Where on earth is this year going? I blink and its almost half over! It reminds me of an odd sort of tradition my family had when we were growing up. Every birthday Mum would make me clap my hands because as a child I very much wanted to grown up and grow up quickly. By clapping my hands, I was marking a moment in time that I could clearly remember so the following year, when I clapped my hands, it felt that the entire year had rushed past and that I was growing up. It sort of did my head in as a child and it still sort of does.
It’s been nearly four weeks since Nich, Pat, Ben and I ran through the Blue Mountains in the Wild Endurance event and I still have blisters. We took a video camera to record our journey and, like the clapping, makes it seem as if the ordeal was over in a flick of an irritated cat’s tail. Sitting down to watch it afterwards is hilarious. It’s recorded directly after last year’s Wild Endurance and Nich, who at the time was part of our support team, is loudly claiming he would never be stupid enough to run 52km. I guess he was right as he opted instead for the full 100kms. It rained the entire week leading up to it, which made the track that much more…interesting. We got up way to early to make it down to the starting track and the hallucinations started early with a dingaroo, a kangaroo the size of a 4WD and as nasty as a dingo, thumping past our car in the dark as we eased our way down a narrow, snaking dirt track to Duphy’s Camp. Our spirits were high when the race began and, with a hundred other eager individuals, scrambled up a muddy track and tried not to elbow each other in the face.
Now try and imagine paths so thick with mud that with every step your shoe threatened to remain behind. In fact, we became experts on mud. There were three types. The first type of mud was a thick, mousse like mud that was almost black in colour and, although it squelched something horrid, was not nearly as slippery as type two mud. Type two mud was orangey and more clay than dirt. You didn’t sink into it but it was impossible to cross at anything faster than a walk and even then it was challenging. The third type of mud was a mixture of the two and if you angled your steps a certain way, you could actually jog across it and use any slipping to your advantage- unless you were going up hill. Then it just sucked.
After a few dozen people had passed before us, the paths were beyond lousy. But that did make it interesting. We climbed goat tracks, up ladders, hopscotched across massive crevasses and admired the non-existent views with heavy fog settling thick in the valleys. At times it felt as if we were the only people around for hundreds of kilometres. The Golden Staircase was exciting as it resembled more of a mudfall as we control fell down and the Giant Stairway beside the Three Sisters was just painful as we lugged our tired and abused bodies up. The support team were magnificent. I could’ve married the lot of them. They made us pizza and soup and gave us lots of hugs before kicking us out of the checkpoint so they could have a movie marathon.

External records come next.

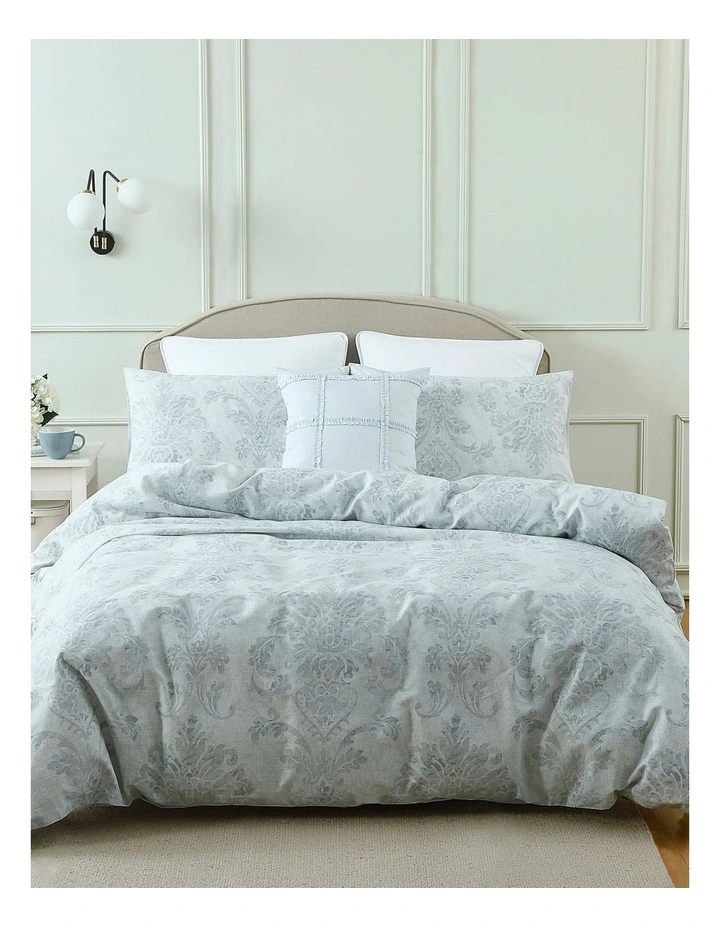 Baroque Damask Quilt Cover Set image 1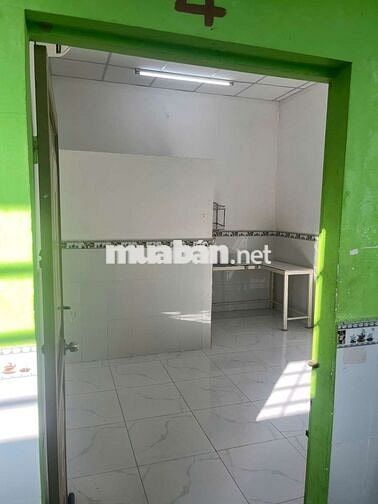 Nhà trọ giờ tự do cách mặt tiền chỉ 10m2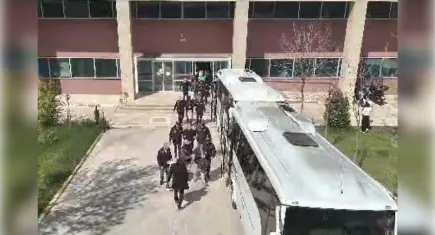 FETÖ'nün Manisa'daki yeni yapılanmasına operasyon: 24 tutuklama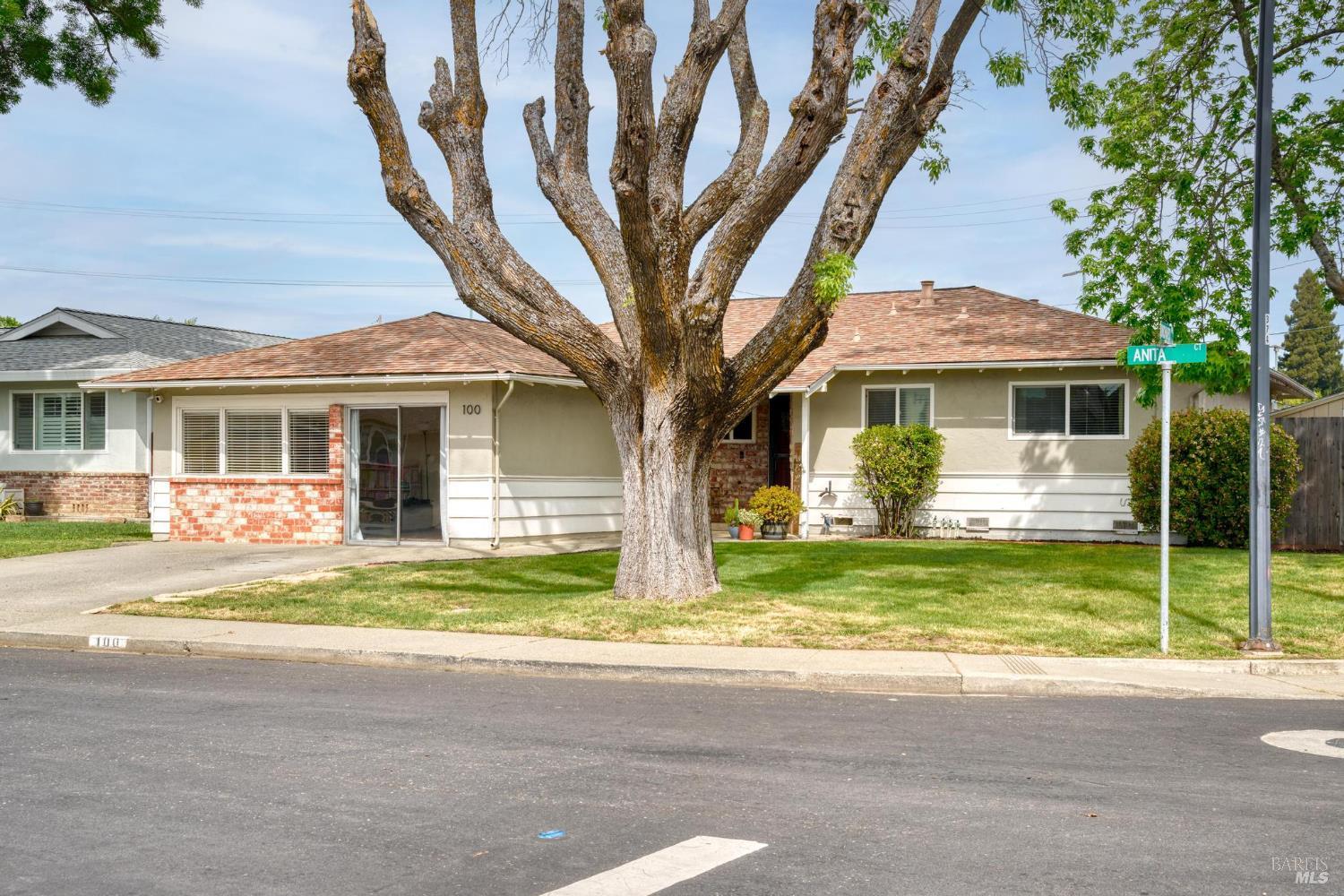 Detail Gallery Image 3 of 30 For 100 Anita Ct, Vacaville,  CA 95688 - 3 Beds | 2 Baths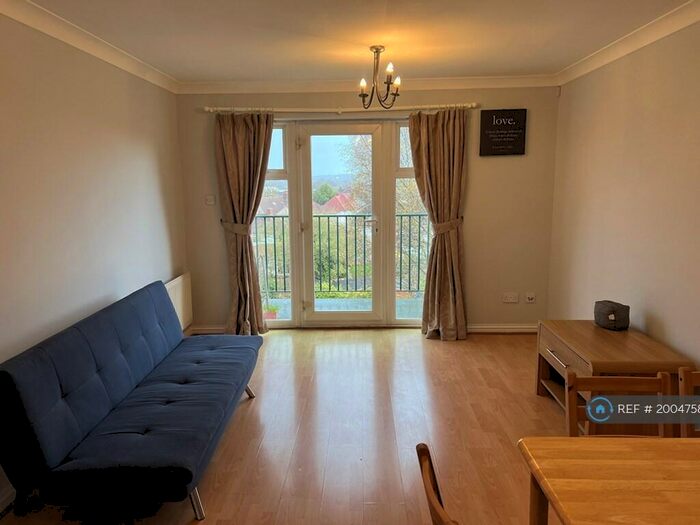 1 Bedroom Flat To Rent In Kensington Heights, Harrow, HA1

Just past the 55km mark disaster struck and Ben had to be evacuated when he got hit by a wallaby…I mean he tore his hip flexor, which isn’t any nicer. So then there were three of us…in the dark…hearing voices…seeing lights…and Pat and I swearing that this section hadn’t been this long last year. By this stage we’d been up since 4:30am, we’d been moving non-stop all day and it was well after midnight. We stopped for two seconds, literally only two seconds, and Nich fell asleep on his feet. It wasn’t the only time either. I would take two steps forward, loose my balance and take two steps to the side. It got so bad that the boys walked on either side of me so I could bounce off them like a ping pong ball. Pat is just a machine. No more needs to be said.
At checkpoint three, just past 5am after 22 hours of non-stop moving, Nich and I bowed out after our knees refused to bend and we’d cried the last 3kms. Pat kept going and another six hours later he jogged through the finish line looking like he was completing a morning jog.
This event had consumed so much of our lives for so long that it was odd when it was finally over. It’s almost June and it feels like it all happened to someone else. Some things in life seem so daunting, so epically huge, that its hard to imagine them being completed and when it’s all over you’re left with this sort of empty feeling. I’m still not quite sure what to do with myself. Although I am definitely not going to ever do something that crazy again. Well…at least not the second half. The first half was kind of fun.